--- Dataset entries ---
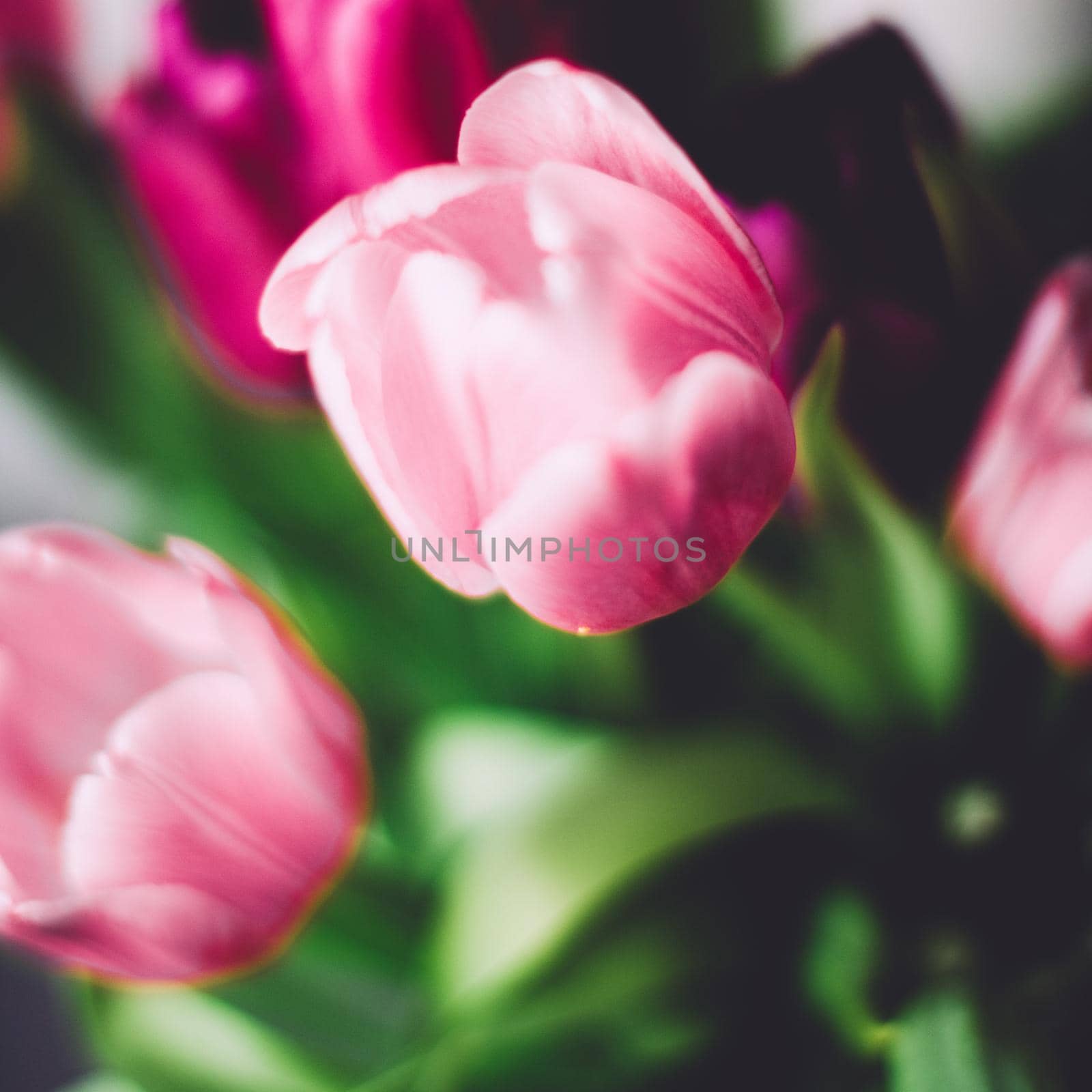 tulip bouquet - wedding, holiday and floral garden styled concept, elegant visuals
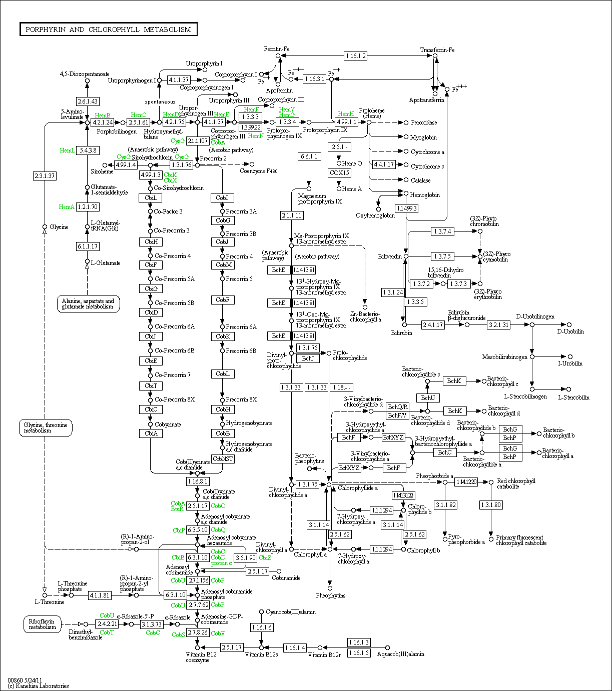 Cell Cycle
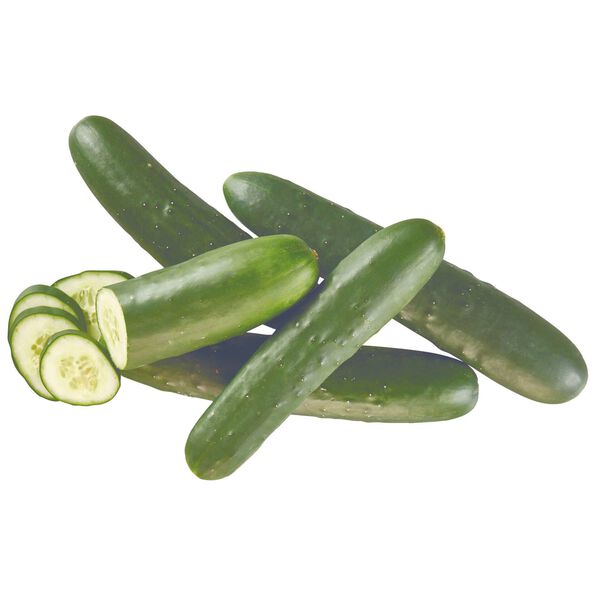 Pepino Continente
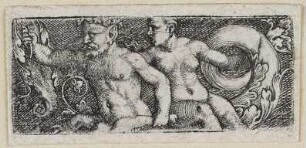 Triton und Nereide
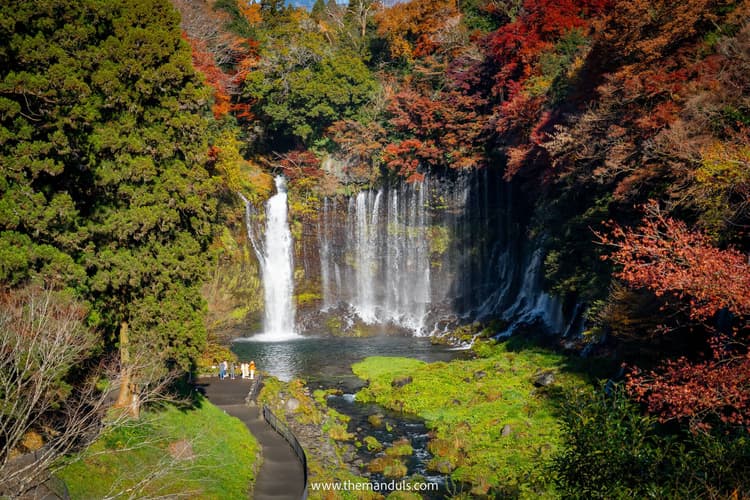 Best Car Rental Comparison Sites in 2026 – Tested & Compared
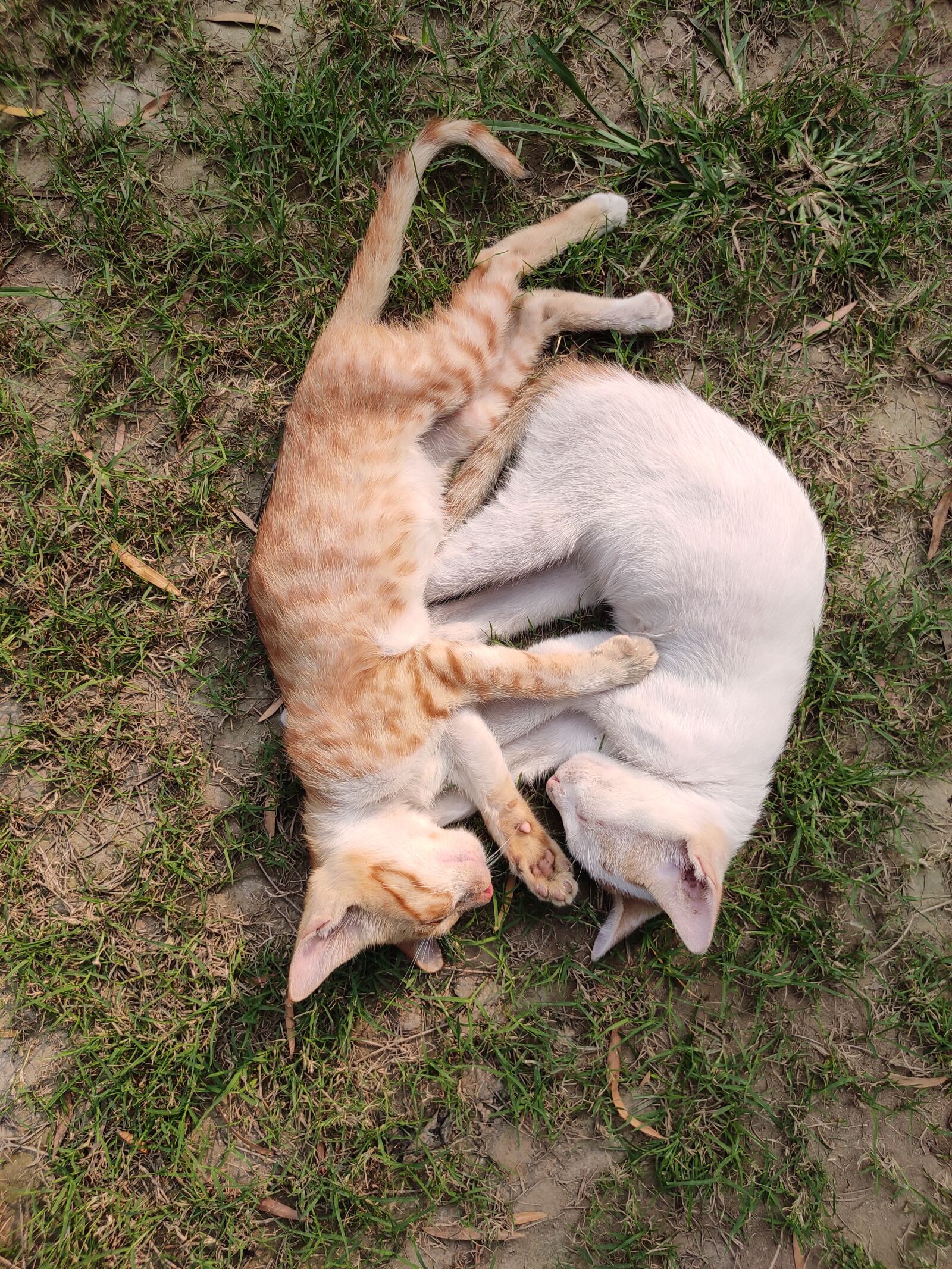 Xiaomi Redmi Note 7 Pro sample photo. Cat, love, couple photography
---
> Your task:
Although the records hold pictures, return only what remains, word for word.

> Answer area:
 tulip bouquet - wedding, holiday and floral garden styled concept, elegant visuals
 Cell Cycle
 Pepino Continente
 Triton und Nereide
 Best Car Rental Comparison Sites in 2026 – Tested & Compared
 Xiaomi Redmi Note 7 Pro sample photo. Cat, love, couple photography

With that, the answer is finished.